In an effort to fund state parks, seven Florida trails may soon be open to advertisers.
A bill to allow companies to buy ad space at trail access points is almost ready for debate in the Florida Senate. Nature enthusiasts aren’t very enthused about the plan.
Mae Cleveland is training for the Boston Marathon along the St. Mark's Trail in Tallahassee, her favorite place to train.
“I’m going to try to qualify for Boston, so give it one last shot,” she said as she set out on a 10-mile run. "They do a really good job keeping it up.”
Funding for state parks and trails is dwindling. Donations help, but more may be needed to keep the area clean and safe. State Senator Stephen Wise is moving a bill to allow companies to sponsor the St. Marks Trail and six others.
"They pave it, they keep it up, they cut the grass and do those kinds of things and make it nice," he said. "If you don’t have money to do that, what does it turn in to?”
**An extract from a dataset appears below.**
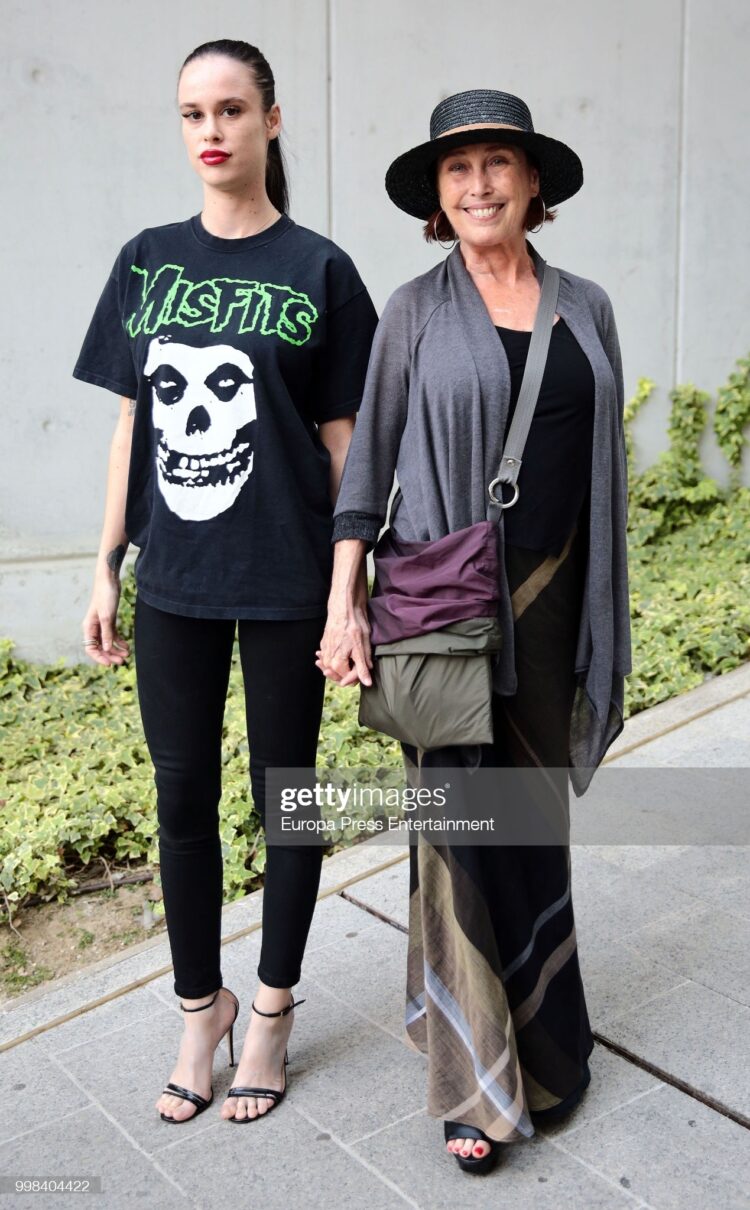 veronica forque feet 3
The bill would allow companies to post signs up to 16 square feet in parking lots at trailheads. They could also put them at the head of the trail. Smaller signs, no larger than 4 square feet could be displayed at other public entrances.
Who can advertise and what the signs look like would be left up to the Florida Office of Greenways and Trails.
Mae’s not a huge fan of her favorite trail having a corporate sponsor.
“Personal preference, I just like the natural aspect of it,” she said. But if the choice is between opening the trail to ads or shutting them down, Mae and others choose ads.
The seven trails named in the bill are: Florida Keys Overseas Heritage Trail, Blackwater Heritage Trail, St. Marks Historic Railroad State Trail,
Nature Coast State Trail, Withlacoochee State Trail, General James A. Van Fleet State Trail, and Palatka-Lake Butler State Trail.
Eighty-five percent of the money generated from sponsors would be put into a trust fund set up to maintain the trails. the other 15 percent would be used to promote traffic and bike safety.